Hari ini adalah hari ke-24 diberlakukannya social distancing atau jaga jarak sosial. Jaga jarak sosial ini diberlakukan sejak merebaknya pandemi virus COVID 19. Sebenarnya sudah ingin menuliskan ini sejak beberapa hari yang lalu. Pembatasan ini diberlakukan mulai 16 Maret 2020 di Indonesia (semula tahap I sd 1 April, tahap II sd 21 April)

Bagaimana pendapat teman-teman pembaca mengalami pembatasan seperti ini? Semua dilakukan dari rumah, ya bekerja, ya sekolah atau kuliah dan bahkan juga beribadah. Bepergian untuk ke Bank atau membeli kebutuhan sehari-hari dilakukan dalam waktu yang terbatas, seperlunya, secepat mungkin dan ga ada deh beriklan-iklan dulu alias mampir-mampir. Keluar rumah sesuai keperluannya saja.
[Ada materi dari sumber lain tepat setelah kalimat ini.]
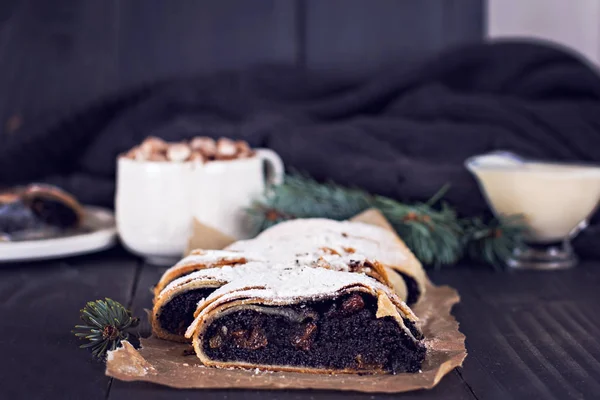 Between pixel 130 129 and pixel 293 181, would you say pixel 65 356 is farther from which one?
pixel 130 129

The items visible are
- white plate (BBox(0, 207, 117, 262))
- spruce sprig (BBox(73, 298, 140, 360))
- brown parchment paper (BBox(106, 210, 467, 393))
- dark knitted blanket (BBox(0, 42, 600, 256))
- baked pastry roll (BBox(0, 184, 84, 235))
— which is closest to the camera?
brown parchment paper (BBox(106, 210, 467, 393))

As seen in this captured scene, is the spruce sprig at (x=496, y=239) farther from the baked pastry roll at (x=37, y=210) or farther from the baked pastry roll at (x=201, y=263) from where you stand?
the baked pastry roll at (x=37, y=210)

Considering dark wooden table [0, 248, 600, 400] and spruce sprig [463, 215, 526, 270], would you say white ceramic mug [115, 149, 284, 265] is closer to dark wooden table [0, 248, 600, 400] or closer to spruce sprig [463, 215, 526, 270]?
dark wooden table [0, 248, 600, 400]

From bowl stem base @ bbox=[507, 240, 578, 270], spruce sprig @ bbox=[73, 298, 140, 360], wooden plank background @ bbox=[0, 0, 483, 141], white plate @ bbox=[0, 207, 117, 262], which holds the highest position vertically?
wooden plank background @ bbox=[0, 0, 483, 141]

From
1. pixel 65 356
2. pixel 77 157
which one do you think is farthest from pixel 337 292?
pixel 77 157

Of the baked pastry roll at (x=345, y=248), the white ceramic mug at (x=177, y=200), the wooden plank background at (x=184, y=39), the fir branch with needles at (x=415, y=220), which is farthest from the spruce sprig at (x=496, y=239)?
the wooden plank background at (x=184, y=39)

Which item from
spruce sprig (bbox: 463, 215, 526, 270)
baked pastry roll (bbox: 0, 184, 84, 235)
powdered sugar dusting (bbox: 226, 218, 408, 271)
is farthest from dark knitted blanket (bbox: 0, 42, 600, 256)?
powdered sugar dusting (bbox: 226, 218, 408, 271) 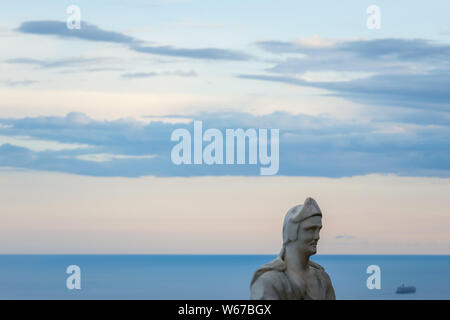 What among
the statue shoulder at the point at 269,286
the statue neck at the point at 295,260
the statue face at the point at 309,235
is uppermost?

Kenapa mesti diberlakukan social distancing atau jaga jarak ini dan bagaimana penularan virus COVID 19 ini sudah banyak dibahas di berbagai media.

Yang ingin aku bagikan dalam tulisan kali ini, bahwa pandemi ini membuat perubahan 180 derajat. Pandemi ini melanda dunia, tanpa memandang status, suku, agama dan ras. Negara sekuat Amerika dan Cina sampai negara-negara berkembang pun mengalami wabah ini. Semua saling bahu membahu mengatasi hal ini.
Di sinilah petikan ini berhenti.